大手百貨店の18年度百貨店事業の業績は減益が相次いだ。基幹店を中心とした店舗改装などの先行投資が増えたのが要因で、足元の売り上げ、利益は堅調だった。けん引しているのはインバウンド(訪日外国人)需要と時計・宝飾などの高額品の販売で、数少ない成長領域として伸びが続く。
百貨店事業で18年度に増益を確保したのは三越伊勢丹ホールディングスで、営業利益は5.7%増の153億円だった。子会社の整理・縮小や人件費の削減による構造改革が進んだ。J・フロントリテイリングは9.2%減の241億円だったが、収益力が群を抜いた。高島屋は36.7%減の86億円で、日本橋高島屋SCの開業などで販売・管理費が増加した。
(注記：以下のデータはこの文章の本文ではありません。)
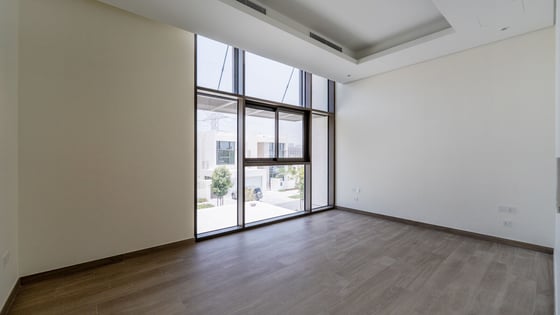 Luxury 5-bedroom villa in District One Phase III, picture 11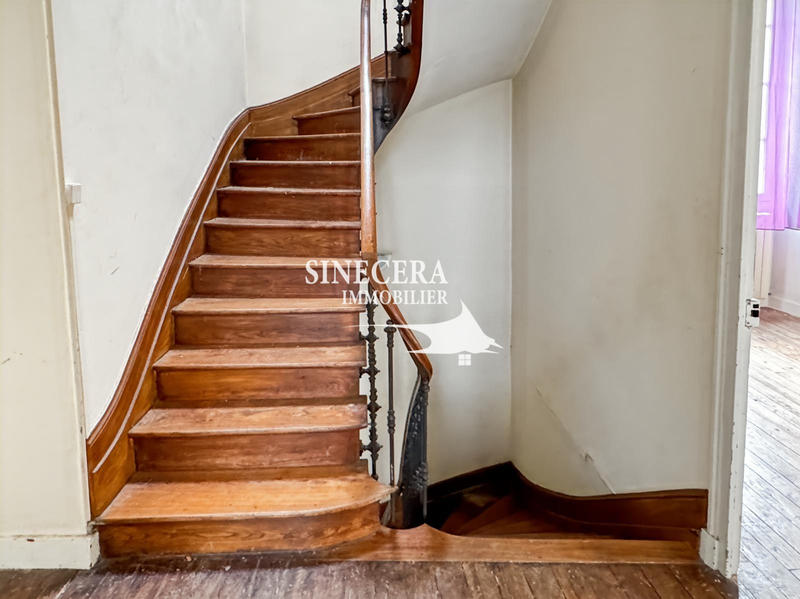 Maison - 208 m² - 3 pièces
百貨店事業の19年度業績は大手3社ともに増益を見込む。J・フロントリテイリングは260億円、三越伊勢丹ホールディングスは160億円、高島屋は100億円の営業利益を計画している。増益とはいえ、収益率の低さは変わらない。
企業としての成長戦略の方向性は各社で異なる。不動産を新たな収益源とした脱百貨店から本業である百貨店の立て直しまで振り幅が広い。もっとも、百貨店事業の再生については大きな違いがなく、新たなビジネスモデルを見いだすまでに至っていない。横並び意識や従来の成功体験からの脱却がまず必要である。